Литмир - Электронная Библиотека
Содержание  
A
A

Меню таких столовых, правда, не всегда являлось богатым. Видели в них, хотя и не часто, и весьма скромные обеды и ужины. Сеть их не была большой, но диетстоловые, обслуживавшие в день 300—500 человек, открывались в каждом районе. Как обычно и бывает, среди «желудочнобольных» оказалось немало руководителей разных рангов и тех, кто пользовался «связями» и пристраивался сюда «по блату». В конце 1942 года в диетстоловых питалось всего 6 тысяч человек{193} — в масштабах такого города, как Ленинград, это немного.

Облик столовых во многом определялся общим военным бытом. Первой приметой блокады, на что сразу обратили внимание их посетители, стало исчезновение из залов ложек, вилок и тарелок. Заметным это стало еще в сентябре 1941 года. В начале декабря 1941 года Л.В. Шапорина записывает в дневнике: «В столовую надо приносить свои ложки: все ложки раскрали, подозревают беженцев, эвакуированных из захваченных местностей, которые здесь столовались»{194}. Но отсутствие ложек замечали и в других столовых — особенно это бросалось в глаза в январе 1942 года. «В столовых к этому времени пропали последовательно… вилки, ложки и даже миски. Каждый носил с собою вначале ложку, а затем и то, из чего можно было бы похлебать суп», — вспоминал В.П. Петров{195}. Остававшиеся еще в залах ложки буквально выхватывали из рук, «чуть ли не изо рта»{196}. Миски, которые приносили из дома и куда перекладывали пищу, были нередко грязными, мылись в холодной воде.

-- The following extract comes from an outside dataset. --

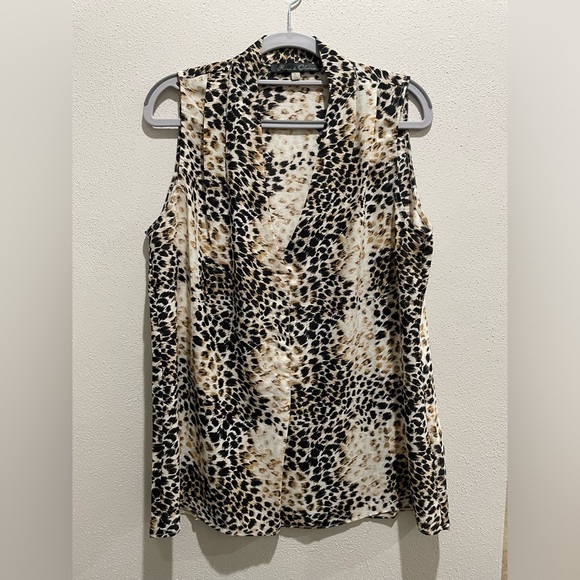 Rose & Olive Tops - Rose & Olive top. Size L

У многих блокадников часто и мисок не было, о чем хорошо знали в «верхах». «Неудобно — в консервные банки люди берут обед», — говорил на заседании бюро горкома ВКП(б) А.А. Кузнецов{197}. Часто суп наливали в ржавые консервные банки прямо над кастрюлей, чтобы не пропало ни капли. Решить эту проблему пытались путем «выработки» (выражение А.А. Кузнецова) тарелок, покупали их у эвакуирующихся. Трудно сказать, насколько это было эффективным, но сведений об использовании консервных банок как посуды в конце 1942-го — начале 1943 года обнаружить не удалось.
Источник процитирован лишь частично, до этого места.